Como a importação do produto virou um problema judicial por causa da proibição dos transgênicos, o governo (acha que) fica numa situação cômoda, como se nada fosse com ele.
Mas, a longo prazo, contudo, a situação é de tranquilidade. A manchete deste jornal no sábado (Agência Estado) mostra que as chuvas já exercem uma influência positiva sobre a produção de alimentos prometendo abundância. Os frutos ainda demoram mas o efeito sobre especulações é imediato.
Nada está resolvido, contudo. Vem aí uma forte crise social no campo, decorrente da falta de serviço.
Mesmo assim, pode-se dizer que o governo tem mais sorte do que juízo. Afinal, a adversidade climática enfrentada nos dois últimos anos - duas longas secas e depois três fortes geadas - era para ter deixado o governo com as calças na mão.
Mas o cenário, felizmente, é outro. Depois do repique de alta da inflação nos meses de julho e agosto, as chuvas que ganharam força agora em setembro em todo o País estão colaborando para a redução mais rápida dos preços dos produtos agrícolas.
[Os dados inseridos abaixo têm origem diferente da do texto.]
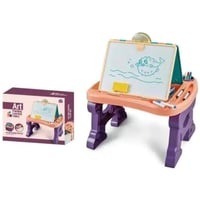 طاولة الدراسة ولوح بوجهين للرسم وتعليم للاطفال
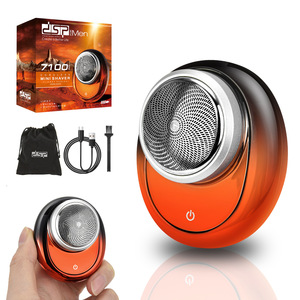 DSP Mini afeitadora eléctrica para hombre, IPX7, resistente al agua, carga tipo C, recortadora de barba portátil para hombre, cuerpo metálico, color naranja - Product Image 1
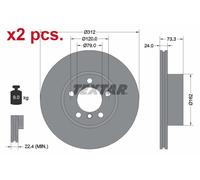 X2 PCS FRONT BRAKE DISC ROTORS SET L&R SIDES 92261805 TEXTAR I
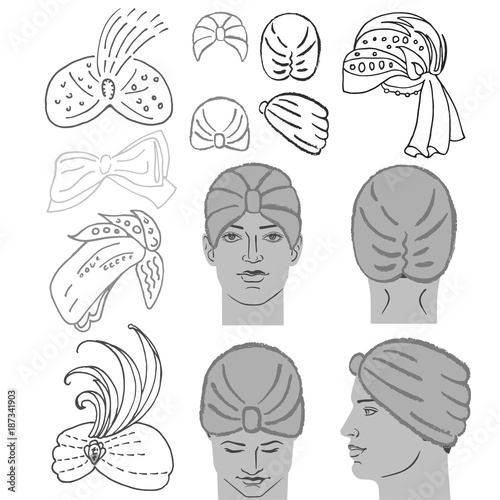 Turban or shower cap template and man head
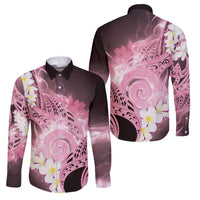 Piko Hawaiian Family Matching Puletasi and Hawaiian Shirt Pink Galaxy Spiral Plumeria Tribal Patterns
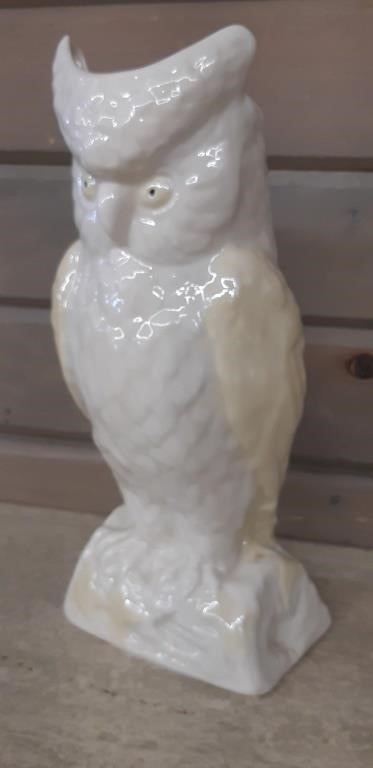 Vintage Beleek Irish Porcelain Owl Figural vase 8"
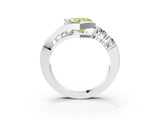White gold Bezel Set Fancy Yellow Heart Cut Diamond Split Shank Ring_33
Foram esses produtos que pressionaram fortemente os índices de inflação nos dois últimos meses.
Segundo o secretário-adjunto de Política Econômica do Ministério da Fazenda, Fernando Montero, o efeito positivo do regime de chuvas, que começou mais cedo esse ano, já pode ser sentido e a expectativa agora é de deflação nos preços dos alimentos. O regime de chuvas está muito bom em todo o País, afirma Montero. Vamos ter deflação e já estamos tendo deflação de todos os produtos com ciclo de produção mais curto, avalia ele.
O impacto positivo das chuvas pode ser mais rapidamente percebido no preço da carne. Com a chuva, o pasto, queimado pela seca, volta aos campos proporcionando a recuperação do gado e consequentemente dos preços. Os preços nem esperam a recuperação do gado, diz Montero.
O pecuarista que tem animais confinados acaba liberando o produto porque sabe que os pastos estão voltando e os preços vão cair, ressalta ele. Segundo Montero, as fortes altas dos preços dos alimentos verificadas em julho e agosto já mostram sinais de arrefecimento com o fim do período da entressafra.
O curto ciclo de produção de muitos produtos, como hortifrutigranjeiros, feijão e frango, ajuda na redução dos preços. A alta de hoje gera a baixa de amanhã, porque esses produtos tem uma resposta a oferta muito rápida, explica Montero. Além disso, começa a ser normalizada a oferta de produtos que podem ser importados, como milho e trigo. Em pouco tempo o produto vem de fora e o preço volta a paridade.